En prenant position publiquement sur la loi électorale, comme il l’a fait récemment, le président aurait failli à cette obligation en favorisant une position (sur la proportionnelle) non prévue par la Constitution. En outre, ses incitations à voter pour les partis et non pour les individus contreviendraient au principe de l’égalité, selon l’avis de M. Rifaï. Catégorique, il relève « une violation de la Constitution par le chef de l’État, qui peut engager sa responsabilité rien moins que sur la base de l’article 60 de la Loi fondamentale ». Cet article prévoit deux cas limitatifs de responsabilités liées à des actes de la fonction du président : la violation de la Constitution et la haute trahison, le Parlement pouvant alors mettre en accusation le président par un vote aux deux tiers.

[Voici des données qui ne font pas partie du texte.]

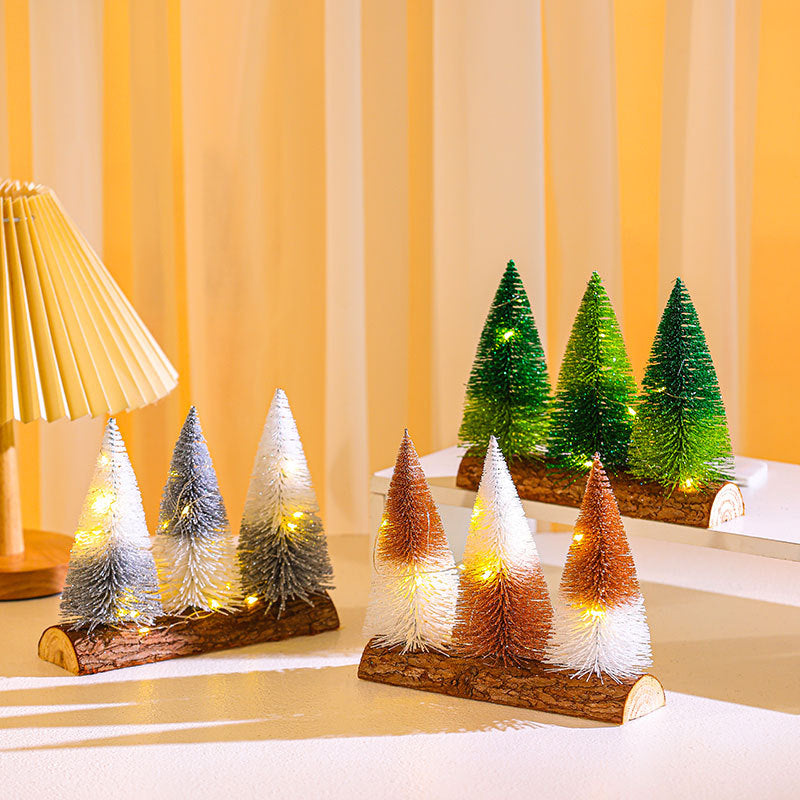 Artificial Christmas Trees on a Wooden Base with Sparkling LED Lights | Battery Powered Tabletop Set | Green, Orange or Silver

(Lire aussi : Machnouk entame les préparatifs des élections, sur la base de la loi en vigueur)

« Outre le respect de la Constitution, il est un autre élément, d’ordre moral, qui devrait dissuader le président de la République de prendre des positions non énoncées par la Constitution : le risque d’être discrédité par une prise de décision contraire », surtout que son avis n’est pas contraignant. C’est ce risque qu’a encouru le chef de l’État en prenant officiellement position sur la loi électorale. Une éventuelle approbation par le cabinet d’un projet de loi contraire aux aspirations présidentielles déclarées le désavouerait.

Mais le fait qu’il ait pris ce risque pose plusieurs questions d’ordre politique : soit qu’il est certain que la proportionnelle serait au final approuvée – une hypothèse qui semble pour l’heure improbable, à moins qu’un forcing ne soit sérieusement envisagé (jusque-là le Courant patriotique libre a été le seul à menacer d’une escalade dans ce sens) –, soit qu’il entend faire pression sur le Conseil des ministres, et par ce biais, sur le Premier ministre Saad Hariri, de manière à justifier une éventuelle prise de distance à son égard s’il venait à adopter un projet de loi n’incluant pas la proportionnelle. D’ailleurs, des milieux du CPL confient à L’OLJ que la loi électorale sera « un test des rapports avec le courant du Futur ».

Ces deux cas de figure appuient la lecture juridique de M. Rifaï, pour qui les positions du président sur la loi électorale s’inscrivent dans le cadre d’une action qui n’est « pas celle d’un président de la République, mais d’un président de parti ». En outre, il n’aurait pas agi comme président fort, mais comme président « bagarreur ». Parce que « la force du chef de l’État réside dans sa capacité à mettre en œuvre la Constitution, et non à prendre part aux conflits en cours entre les parties », explique M. Rifaï. D’ailleurs, après Taëf, la propension du président à donner son avis sur l’actualité avait marqué le mandat d’Élias Hraoui, sur incitation du régime syrien, soucieux de le discréditer en lui donnant l’aura d’un président prétendument fort.

Du reste, si le président souhaite veiller à l’approbation d’une loi électorale juste et représentative, il dispose à cette fin de plus d’un moyen constitutionnel, comme celui de s’abstenir, le cas échéant, de transmettre à la Chambre le projet de loi qui lui serait soumis par le gouvernement et le renvoyer à ce dernier pour réexamen.